I didn’t quit writing because I didn’t know how to quit writing. It was an addiction.When the plague washed ashore, my tour got canceled and then all the bookstores in the world closed. It seemed almost funny to me because I was in shock like everyone else. At other times I’d feel guilty, as if I’d tripwired Armageddon by publishing my stupid novel. There’s a word for that type of thinking. It’s called solipsism. I’d always been fond of solipsism. Solipsism and paranoia were like my two best friends growing up. And they were conditions I passed along to the narrator of my new novel, a disgruntled cabbie named Lou who believed the inanimate objects of his world to be conspiring against him, especially the traffic lights and Dodge Chargers. Poor Lou had inherited all my maladies. But he’d also scored a few good qualities I had to make up from scratch.

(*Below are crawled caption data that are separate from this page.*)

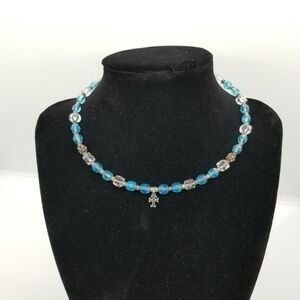 blue and clear beaded choker with sterling silver cross charm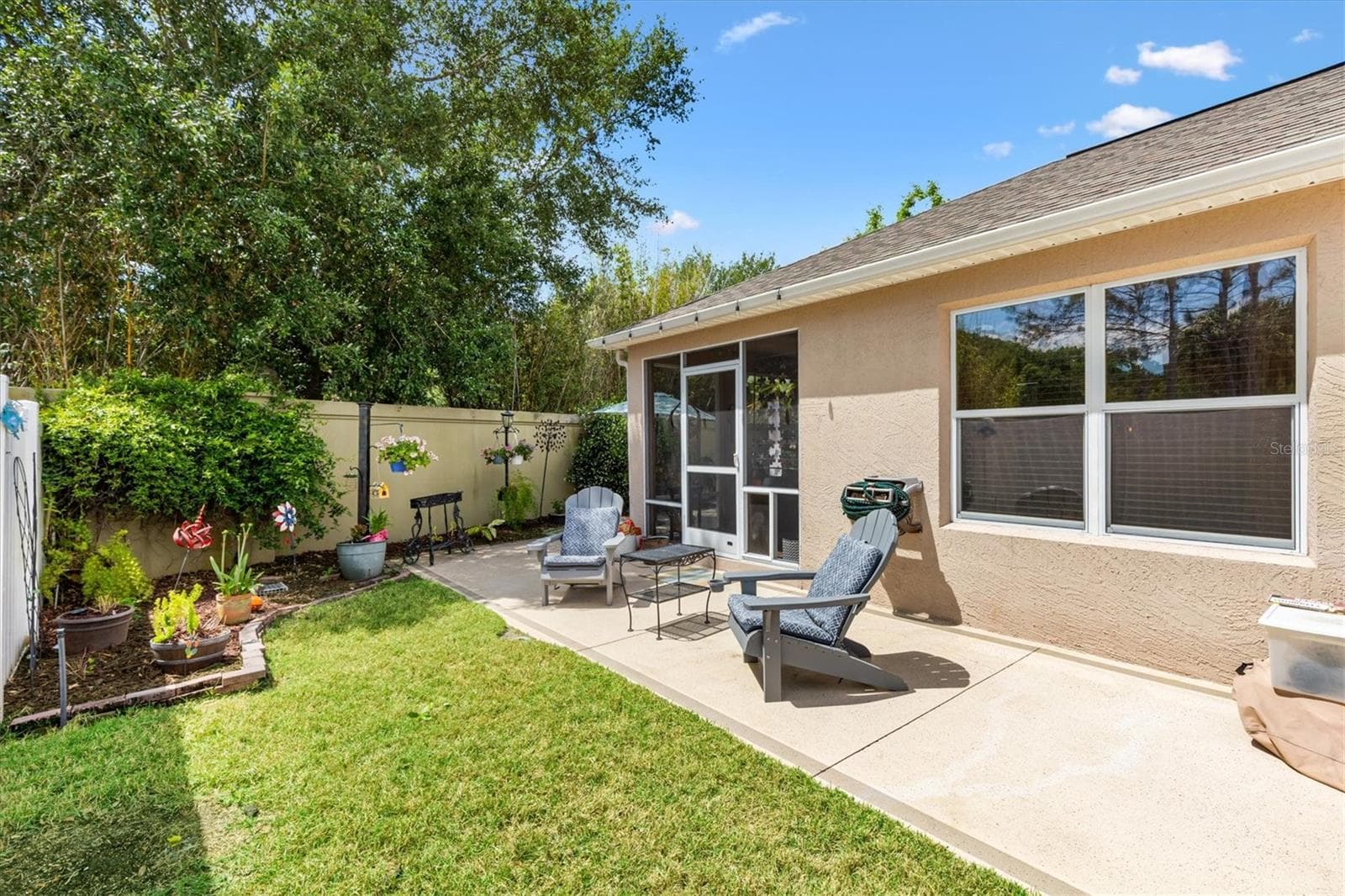 The side of the house. - 2334 ROSE ARBOR ST, THE VILLAGES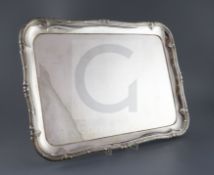 A 20th century German 800 standard white metal shaped rectangular tea tray, with decorated border,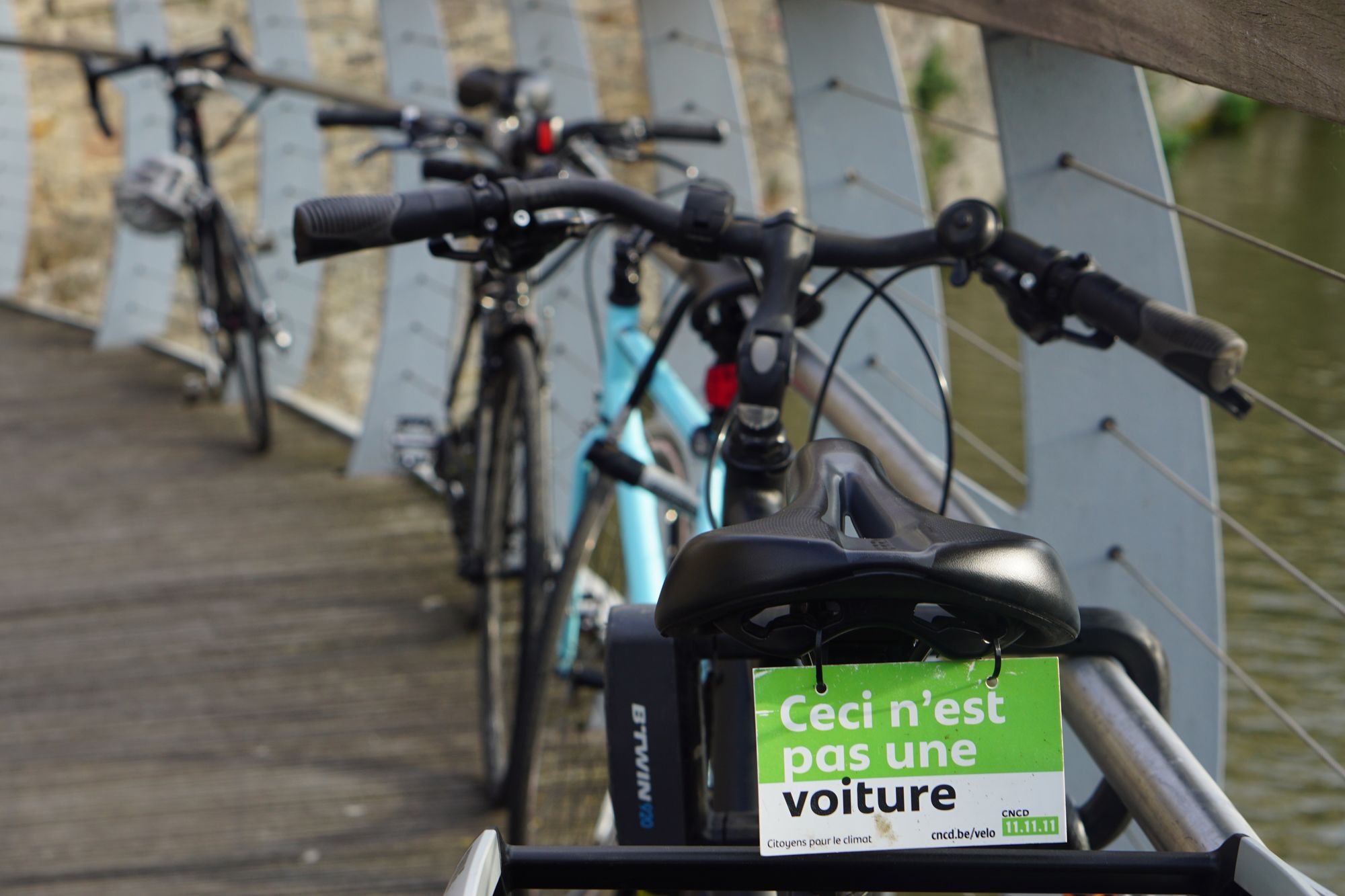 The rear saddle of a bicycle parked on a bridge with railings. Hanging from the saddle: "ceci n'est pas one voiture."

When the lock down hit, I’d been living back in Mississippi for a decade. Oxford was half rich foodies and half poor restaurant workers. It wasn’t only taxi drivers who were obsolete now it was half the service industry. Everyone I loved was freaked out. Then, right before the lock down began, I did something typically stupid and blew half my Harper’s cash on a fancy virtual-reality headset, the last one at Walmart. Then I hoarded up a bunch of canned goods, bought six handles of booze, and scored an undisclosed amount of pot. After that I went to the doctor’s and peed in a cup in order to get my prescription for Adderall refilled—only poor people have to pee in cups for drugs here in Oxford. All in all it was the most practical day in my life. Then I went home.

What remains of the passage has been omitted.